В Угличе, где частично снимали фильм «Морфий», спустя три года Балабанов венчался с Надей, на которой был женат уже давно. Венчал их отец Рафаил, который на «Морфии» работал как помощник режиссера, помогал искать натуру, консультировал и даже сам снялся в роли священника.
Сельянов в то время занимался обеспечением производства, фильм был историческим, а следовательно – относительно дорогим, его бюджет составил более трех с половиной миллионов долларов.
При этом съемочная группа столкнулась с очередным «балабановским невезением» – в феврале не было снега, что, считает Сельянов, в принципе, казалось невозможным: «Чтобы в середине февраля в Ленинградской области, на 60 км севернее Петербурга, не было снега вообще, одна вода. 17–18 февраля должны были начинать съемки, а там общие планы, и нет снега. В декабре это бывает, даже в январе, но в феврале снег должен быть. Мы сдвинули начало съемок, сидели, ждали, потом вызывали сноу-бизнес, засыпали искусственным снегом».

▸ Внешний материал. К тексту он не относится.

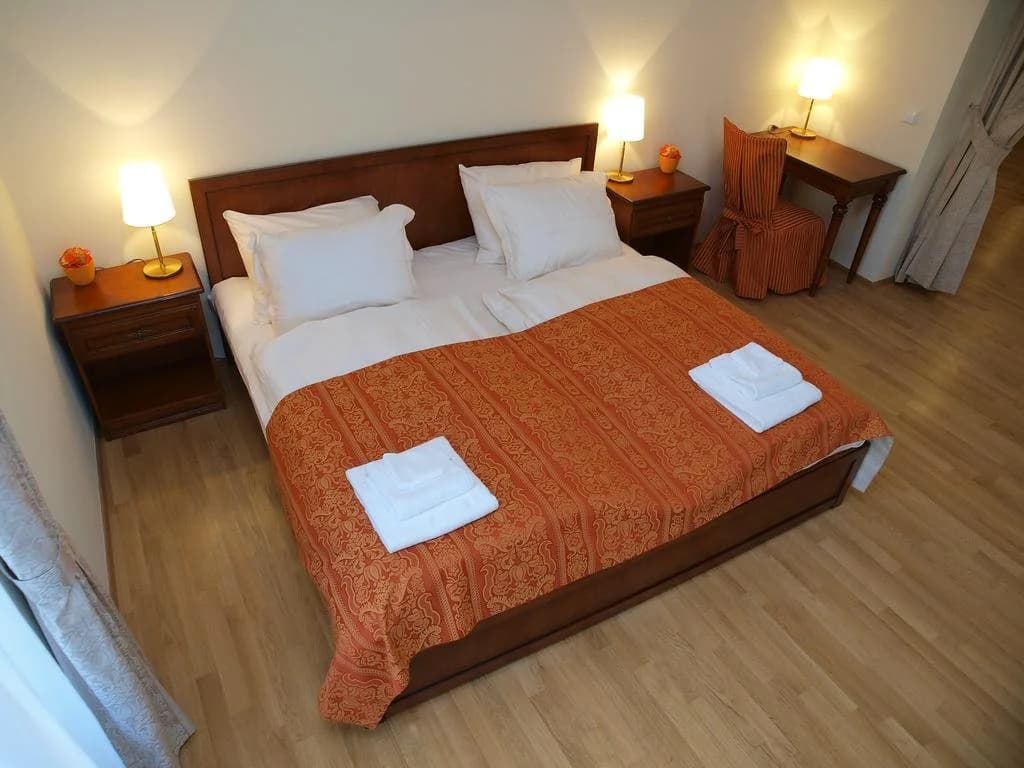 City Apartment - photo 15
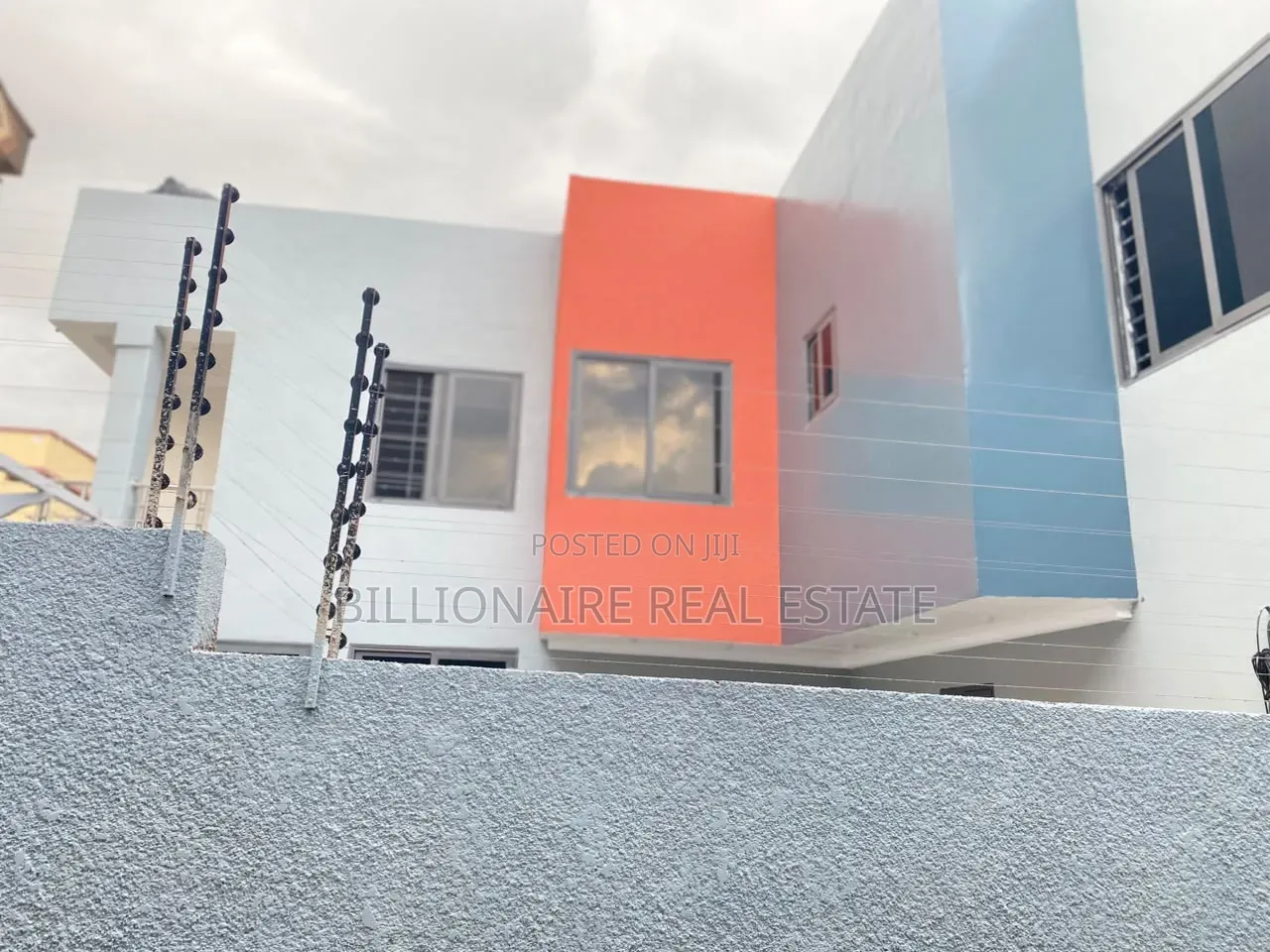 5bdrm Duplex in Buokrom Estate, Kumasi Metropolitan for sale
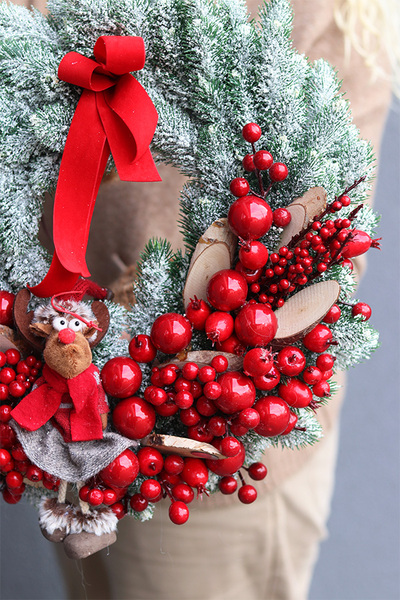 Mroźna Czerwień, świąteczny wianek z reniferem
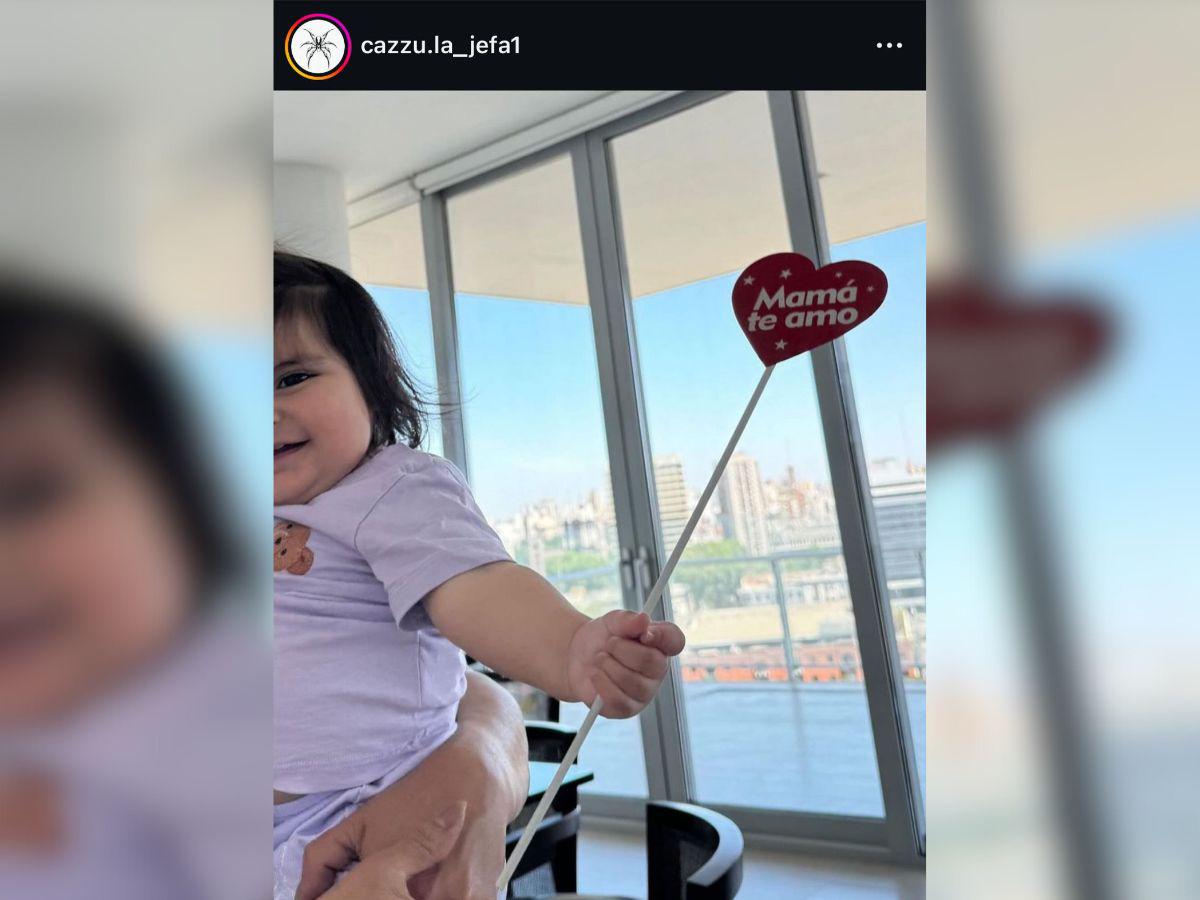 Cazzu presume el tierno regalo de Inti por el día de las madres en Argentina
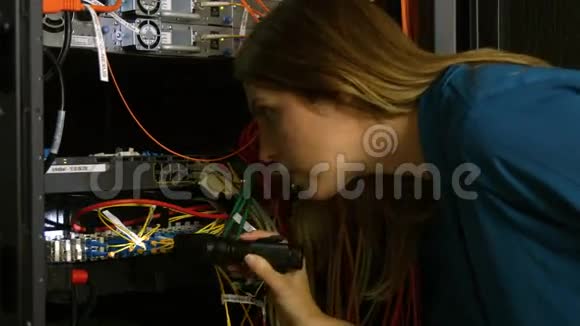 技术员在看打开的服务器储物柜视频的预览图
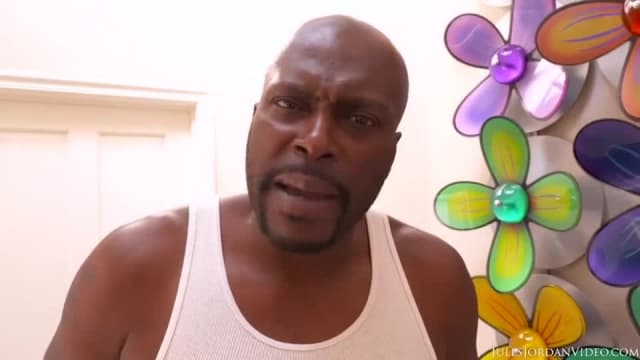 Подтвердите свой возраст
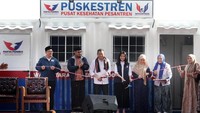 Hary Tanoe dan Siti Atikoh melakukan peresmian Pusat Kesehatan Pesantren (Puskestren), Selasa (30/1/2024).
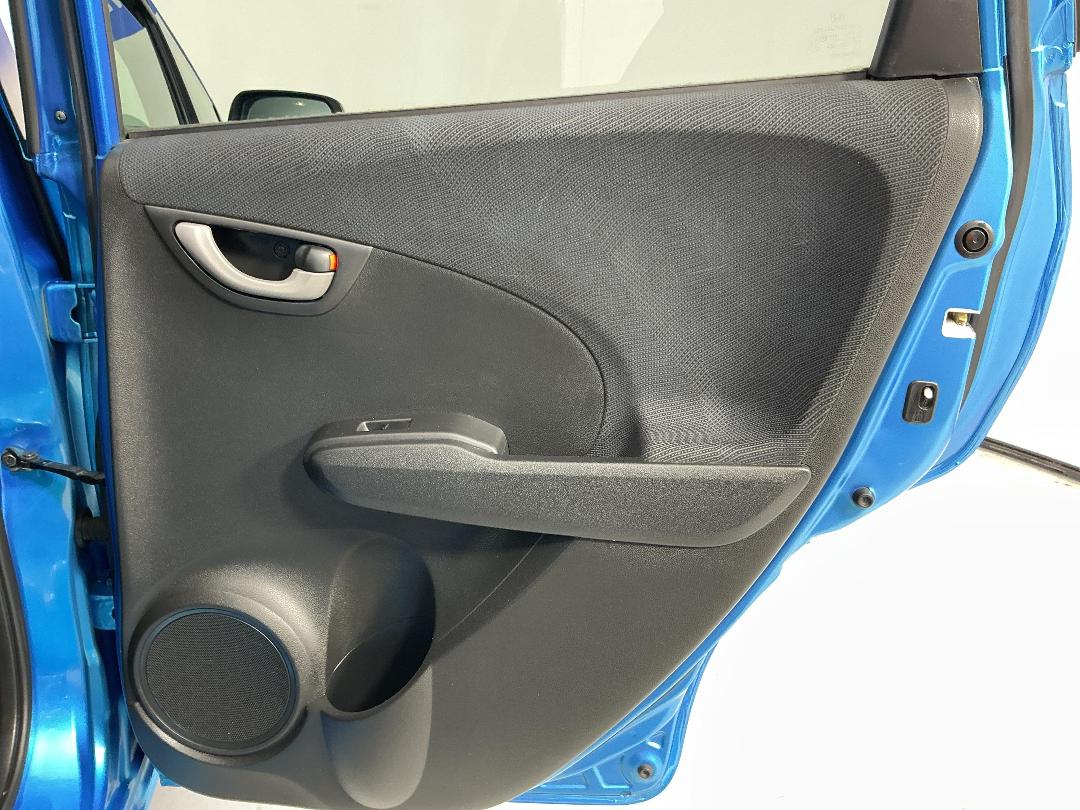 Photo '19' of Honda FIT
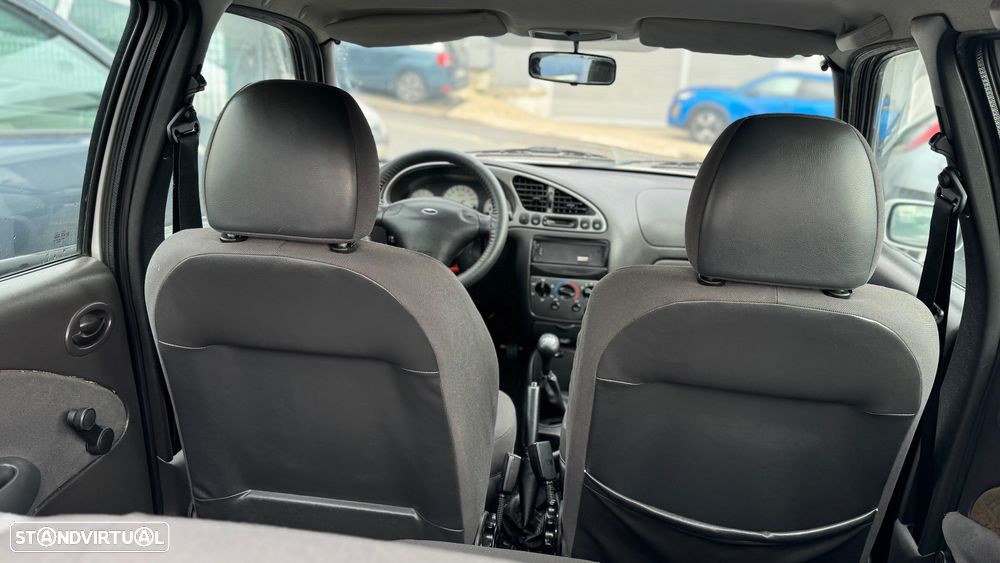 Ford Fiesta 1.25 Trend - 8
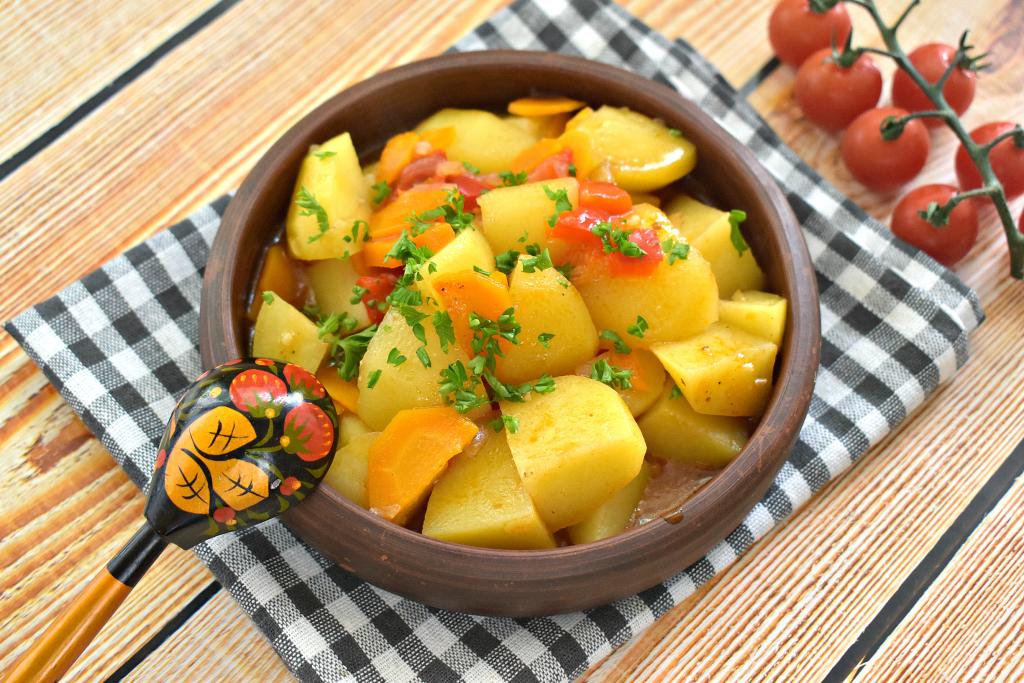 Овощное рагу с кабачками, капустой и картошкой в мультиварке - рецепт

Несмотря на эти выходы из графика, все было снято, и в ноябре 2008 года состоялась премьера очередного балабановского фильма, про который Сельянов говорил журналистам, что он будет жестче, чем «Груз 200». На мой взгляд, это был рекламный трюк, фильм не слишком понравился ни публике, ни журналистам, что-то в нем было искусственное, театрально-постановочное, лично мне казалось, что главное достоинство Балабанова – невероятное, органичное чувство правды – в тот раз почти покинуло автора. Тем не менее все были согласны, что технически фильм сделан абсолютно виртуозно. В рецензии на «Морфий» Михаила Ратгауза, кроме того, было отмечена очень важная тема, сквозная не только для Балабанова, но и для Сельянова, именно об этом снимавшего свои авторские фильмы: «Но начало 2000-х для Балабанова – это не только гибель друга и нареченного брата, но и окончательный закат идеи братства вообще. „Морфий“ и „Груз 200“, фильмы про 1917 и 1984-й, сделаны про две трещины, по его мнению, расколовшие крепкий материк России, когда-то единой, родовой, сначала распоротой по швам революцией, потом растащенной на солому Горбачевым. Революция в „Морфии“ – это не только личный, но и исторический конец времен. Жечь людей можно безнаказанно, потому что все равно никому ни до чего нет дела. Стреляться тоже можно где угодно, не смущая окружающих. „Мне не больно“ был тоже снят про фатальный конец коллективного. Кроме того, это была последняя слабая попытка договориться с современностью».